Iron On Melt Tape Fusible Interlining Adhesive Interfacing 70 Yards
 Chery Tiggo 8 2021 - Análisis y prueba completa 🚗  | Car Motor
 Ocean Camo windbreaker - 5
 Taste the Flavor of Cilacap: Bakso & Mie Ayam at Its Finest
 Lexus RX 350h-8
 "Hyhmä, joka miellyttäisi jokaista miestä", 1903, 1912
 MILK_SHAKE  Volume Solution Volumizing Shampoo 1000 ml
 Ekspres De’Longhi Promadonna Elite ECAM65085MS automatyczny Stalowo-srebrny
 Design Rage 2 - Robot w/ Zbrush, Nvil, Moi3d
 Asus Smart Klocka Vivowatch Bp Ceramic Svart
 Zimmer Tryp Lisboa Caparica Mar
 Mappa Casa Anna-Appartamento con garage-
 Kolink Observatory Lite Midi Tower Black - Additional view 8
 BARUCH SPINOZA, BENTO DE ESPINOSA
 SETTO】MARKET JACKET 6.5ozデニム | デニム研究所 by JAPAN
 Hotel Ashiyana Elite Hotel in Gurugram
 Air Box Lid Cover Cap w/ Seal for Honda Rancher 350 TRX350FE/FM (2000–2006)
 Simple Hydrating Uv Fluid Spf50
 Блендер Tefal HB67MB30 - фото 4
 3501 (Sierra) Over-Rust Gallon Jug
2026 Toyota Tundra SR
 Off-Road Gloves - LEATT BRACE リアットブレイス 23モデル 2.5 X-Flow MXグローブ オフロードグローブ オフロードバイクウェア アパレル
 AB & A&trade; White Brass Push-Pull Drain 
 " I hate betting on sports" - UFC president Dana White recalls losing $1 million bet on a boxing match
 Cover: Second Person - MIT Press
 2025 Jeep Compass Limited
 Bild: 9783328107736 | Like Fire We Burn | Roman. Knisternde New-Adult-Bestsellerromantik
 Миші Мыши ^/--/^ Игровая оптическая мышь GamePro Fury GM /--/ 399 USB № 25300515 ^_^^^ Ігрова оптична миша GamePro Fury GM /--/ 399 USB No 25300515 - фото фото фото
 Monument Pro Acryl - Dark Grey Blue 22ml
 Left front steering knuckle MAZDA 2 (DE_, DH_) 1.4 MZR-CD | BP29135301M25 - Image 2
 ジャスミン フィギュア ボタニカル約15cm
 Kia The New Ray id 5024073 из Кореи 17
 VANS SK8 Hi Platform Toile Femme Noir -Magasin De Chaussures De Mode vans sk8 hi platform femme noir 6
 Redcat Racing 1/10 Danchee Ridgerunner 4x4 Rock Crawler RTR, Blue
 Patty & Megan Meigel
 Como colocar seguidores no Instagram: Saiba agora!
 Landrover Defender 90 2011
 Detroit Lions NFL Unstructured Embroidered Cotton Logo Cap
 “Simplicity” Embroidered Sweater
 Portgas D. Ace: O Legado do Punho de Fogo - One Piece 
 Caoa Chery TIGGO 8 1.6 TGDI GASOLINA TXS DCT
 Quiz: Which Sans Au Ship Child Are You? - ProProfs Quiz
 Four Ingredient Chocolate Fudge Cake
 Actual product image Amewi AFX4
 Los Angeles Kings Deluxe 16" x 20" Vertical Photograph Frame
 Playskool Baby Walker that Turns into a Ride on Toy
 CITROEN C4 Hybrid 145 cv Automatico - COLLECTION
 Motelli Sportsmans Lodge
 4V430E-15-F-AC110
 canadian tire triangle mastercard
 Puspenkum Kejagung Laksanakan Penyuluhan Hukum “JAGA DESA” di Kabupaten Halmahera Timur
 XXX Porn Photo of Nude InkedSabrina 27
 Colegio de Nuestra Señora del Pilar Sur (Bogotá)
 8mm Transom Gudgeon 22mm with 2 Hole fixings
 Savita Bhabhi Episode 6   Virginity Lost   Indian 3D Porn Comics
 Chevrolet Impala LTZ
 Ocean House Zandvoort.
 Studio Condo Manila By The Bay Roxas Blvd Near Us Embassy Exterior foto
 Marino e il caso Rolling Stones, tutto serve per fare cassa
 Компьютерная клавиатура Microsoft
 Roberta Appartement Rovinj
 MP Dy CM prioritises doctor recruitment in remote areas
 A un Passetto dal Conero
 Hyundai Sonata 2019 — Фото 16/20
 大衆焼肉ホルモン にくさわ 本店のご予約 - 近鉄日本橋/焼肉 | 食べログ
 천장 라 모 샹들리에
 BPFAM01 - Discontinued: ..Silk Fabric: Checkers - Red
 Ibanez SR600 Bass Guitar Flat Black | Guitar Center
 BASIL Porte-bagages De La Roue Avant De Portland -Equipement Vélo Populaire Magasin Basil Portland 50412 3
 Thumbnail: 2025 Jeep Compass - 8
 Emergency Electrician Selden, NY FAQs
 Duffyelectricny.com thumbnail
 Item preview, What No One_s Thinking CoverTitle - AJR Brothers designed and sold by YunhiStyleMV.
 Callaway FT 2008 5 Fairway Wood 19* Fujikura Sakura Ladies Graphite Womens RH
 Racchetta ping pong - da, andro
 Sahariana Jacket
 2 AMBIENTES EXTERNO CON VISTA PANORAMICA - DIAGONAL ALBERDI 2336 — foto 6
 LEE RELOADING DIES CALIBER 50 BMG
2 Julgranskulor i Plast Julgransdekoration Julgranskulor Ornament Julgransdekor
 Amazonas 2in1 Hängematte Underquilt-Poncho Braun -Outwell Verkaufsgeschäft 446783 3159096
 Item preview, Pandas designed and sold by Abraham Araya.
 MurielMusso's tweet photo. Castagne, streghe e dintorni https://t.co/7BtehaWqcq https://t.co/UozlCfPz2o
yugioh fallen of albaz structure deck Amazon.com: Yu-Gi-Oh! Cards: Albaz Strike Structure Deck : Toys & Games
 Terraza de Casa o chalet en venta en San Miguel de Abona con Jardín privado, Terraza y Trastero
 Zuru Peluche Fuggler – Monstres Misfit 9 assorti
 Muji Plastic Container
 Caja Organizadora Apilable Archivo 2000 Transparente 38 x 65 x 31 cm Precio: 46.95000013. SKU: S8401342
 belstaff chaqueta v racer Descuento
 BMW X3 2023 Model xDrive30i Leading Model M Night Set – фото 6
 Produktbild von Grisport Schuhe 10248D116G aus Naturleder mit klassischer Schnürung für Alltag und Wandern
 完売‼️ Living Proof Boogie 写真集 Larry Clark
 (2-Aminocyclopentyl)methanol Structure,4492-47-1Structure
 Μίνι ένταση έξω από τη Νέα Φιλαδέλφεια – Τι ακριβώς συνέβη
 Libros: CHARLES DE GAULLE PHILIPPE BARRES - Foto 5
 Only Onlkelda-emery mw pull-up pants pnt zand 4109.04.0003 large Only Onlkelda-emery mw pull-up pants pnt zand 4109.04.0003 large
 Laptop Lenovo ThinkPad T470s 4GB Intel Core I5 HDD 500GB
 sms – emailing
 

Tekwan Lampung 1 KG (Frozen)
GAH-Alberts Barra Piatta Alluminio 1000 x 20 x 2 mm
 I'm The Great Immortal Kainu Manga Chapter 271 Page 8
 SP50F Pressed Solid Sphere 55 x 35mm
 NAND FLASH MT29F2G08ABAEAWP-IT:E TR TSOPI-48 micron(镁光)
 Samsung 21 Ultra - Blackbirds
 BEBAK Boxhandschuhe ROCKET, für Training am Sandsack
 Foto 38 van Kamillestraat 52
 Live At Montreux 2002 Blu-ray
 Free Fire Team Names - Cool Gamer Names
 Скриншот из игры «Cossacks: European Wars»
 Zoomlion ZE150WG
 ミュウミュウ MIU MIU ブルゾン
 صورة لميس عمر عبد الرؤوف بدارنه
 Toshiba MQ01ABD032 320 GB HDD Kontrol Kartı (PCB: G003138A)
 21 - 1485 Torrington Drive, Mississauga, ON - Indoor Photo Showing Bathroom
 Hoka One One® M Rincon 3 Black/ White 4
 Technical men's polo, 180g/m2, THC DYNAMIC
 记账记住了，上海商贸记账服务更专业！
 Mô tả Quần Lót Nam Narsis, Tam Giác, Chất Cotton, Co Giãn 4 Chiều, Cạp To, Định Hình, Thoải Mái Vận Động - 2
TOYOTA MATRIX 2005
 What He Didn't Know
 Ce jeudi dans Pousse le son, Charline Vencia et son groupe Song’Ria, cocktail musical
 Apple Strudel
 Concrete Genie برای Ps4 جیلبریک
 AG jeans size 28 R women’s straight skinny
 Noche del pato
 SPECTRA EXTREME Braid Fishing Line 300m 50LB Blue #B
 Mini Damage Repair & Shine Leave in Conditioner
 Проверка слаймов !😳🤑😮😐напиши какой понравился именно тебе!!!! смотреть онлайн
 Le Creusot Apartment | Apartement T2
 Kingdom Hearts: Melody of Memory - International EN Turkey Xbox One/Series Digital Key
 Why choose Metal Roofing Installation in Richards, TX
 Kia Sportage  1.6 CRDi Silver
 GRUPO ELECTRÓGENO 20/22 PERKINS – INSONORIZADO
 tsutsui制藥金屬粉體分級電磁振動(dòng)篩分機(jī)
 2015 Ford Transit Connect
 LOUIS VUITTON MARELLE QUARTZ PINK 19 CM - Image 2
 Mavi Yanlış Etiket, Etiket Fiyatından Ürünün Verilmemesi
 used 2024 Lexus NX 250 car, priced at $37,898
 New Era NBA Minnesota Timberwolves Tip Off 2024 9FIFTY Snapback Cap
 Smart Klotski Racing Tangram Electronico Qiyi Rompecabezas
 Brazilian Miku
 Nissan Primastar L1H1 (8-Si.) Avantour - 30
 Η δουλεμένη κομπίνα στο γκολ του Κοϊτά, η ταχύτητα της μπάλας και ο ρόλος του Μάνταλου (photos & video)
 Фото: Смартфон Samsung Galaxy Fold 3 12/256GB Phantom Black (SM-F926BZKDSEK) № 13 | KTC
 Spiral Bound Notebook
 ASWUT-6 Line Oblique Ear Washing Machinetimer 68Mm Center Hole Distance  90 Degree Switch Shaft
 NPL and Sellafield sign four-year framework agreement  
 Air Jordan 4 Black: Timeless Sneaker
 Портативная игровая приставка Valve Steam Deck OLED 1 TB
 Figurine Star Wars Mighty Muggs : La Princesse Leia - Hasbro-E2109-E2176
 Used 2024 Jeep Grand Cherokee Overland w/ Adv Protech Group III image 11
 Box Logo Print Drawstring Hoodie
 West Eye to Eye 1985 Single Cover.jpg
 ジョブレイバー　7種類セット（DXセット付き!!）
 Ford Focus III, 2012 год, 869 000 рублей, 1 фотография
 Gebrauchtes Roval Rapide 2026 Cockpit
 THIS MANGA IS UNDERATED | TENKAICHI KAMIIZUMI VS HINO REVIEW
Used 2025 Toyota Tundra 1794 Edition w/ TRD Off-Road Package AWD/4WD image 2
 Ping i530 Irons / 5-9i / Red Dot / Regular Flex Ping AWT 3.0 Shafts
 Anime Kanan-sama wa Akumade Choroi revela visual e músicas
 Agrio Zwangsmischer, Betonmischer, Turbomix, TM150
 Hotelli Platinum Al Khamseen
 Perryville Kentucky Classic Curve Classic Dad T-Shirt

**Directions:**
Nothing but an exact copy of the lines from the first one above through the line holding "Caoa Chery TIGGO 8 1.6 TGDI GASOLINA TXS DCT" should be returned.

**Final answer:**
Iron On Melt Tape Fusible Interlining Adhesive Interfacing 70 Yards
 Chery Tiggo 8 2021 - Análisis y prueba completa 🚗  | Car Motor
 Ocean Camo windbreaker - 5
 Taste the Flavor of Cilacap: Bakso & Mie Ayam at Its Finest
 Lexus RX 350h-8
 "Hyhmä, joka miellyttäisi jokaista miestä", 1903, 1912
 MILK_SHAKE  Volume Solution Volumizing Shampoo 1000 ml
 Ekspres De’Longhi Promadonna Elite ECAM65085MS automatyczny Stalowo-srebrny
 Design Rage 2 - Robot w/ Zbrush, Nvil, Moi3d
 Asus Smart Klocka Vivowatch Bp Ceramic Svart
 Zimmer Tryp Lisboa Caparica Mar
 Mappa Casa Anna-Appartamento con garage-
 Kolink Observatory Lite Midi Tower Black - Additional view 8
 BARUCH SPINOZA, BENTO DE ESPINOSA
 SETTO】MARKET JACKET 6.5ozデニム | デニム研究所 by JAPAN
 Hotel Ashiyana Elite Hotel in Gurugram
 Air Box Lid Cover Cap w/ Seal for Honda Rancher 350 TRX350FE/FM (2000–2006)
 Simple Hydrating Uv Fluid Spf50
 Блендер Tefal HB67MB30 - фото 4
 3501 (Sierra) Over-Rust Gallon Jug
2026 Toyota Tundra SR
 Off-Road Gloves - LEATT BRACE リアットブレイス 23モデル 2.5 X-Flow MXグローブ オフロードグローブ オフロードバイクウェア アパレル
 AB & A&trade; White Brass Push-Pull Drain 
 " I hate betting on sports" - UFC president Dana White recalls losing $1 million bet on a boxing match
 Cover: Second Person - MIT Press
 2025 Jeep Compass Limited
 Bild: 9783328107736 | Like Fire We Burn | Roman. Knisternde New-Adult-Bestsellerromantik
 Миші Мыши ^/--/^ Игровая оптическая мышь GamePro Fury GM /--/ 399 USB № 25300515 ^_^^^ Ігрова оптична миша GamePro Fury GM /--/ 399 USB No 25300515 - фото фото фото
 Monument Pro Acryl - Dark Grey Blue 22ml
 Left front steering knuckle MAZDA 2 (DE_, DH_) 1.4 MZR-CD | BP29135301M25 - Image 2
 ジャスミン フィギュア ボタニカル約15cm
 Kia The New Ray id 5024073 из Кореи 17
 VANS SK8 Hi Platform Toile Femme Noir -Magasin De Chaussures De Mode vans sk8 hi platform femme noir 6
 Redcat Racing 1/10 Danchee Ridgerunner 4x4 Rock Crawler RTR, Blue
 Patty & Megan Meigel
 Como colocar seguidores no Instagram: Saiba agora!
 Landrover Defender 90 2011
 Detroit Lions NFL Unstructured Embroidered Cotton Logo Cap
 “Simplicity” Embroidered Sweater
 Portgas D. Ace: O Legado do Punho de Fogo - One Piece 
 Caoa Chery TIGGO 8 1.6 TGDI GASOLINA TXS DCT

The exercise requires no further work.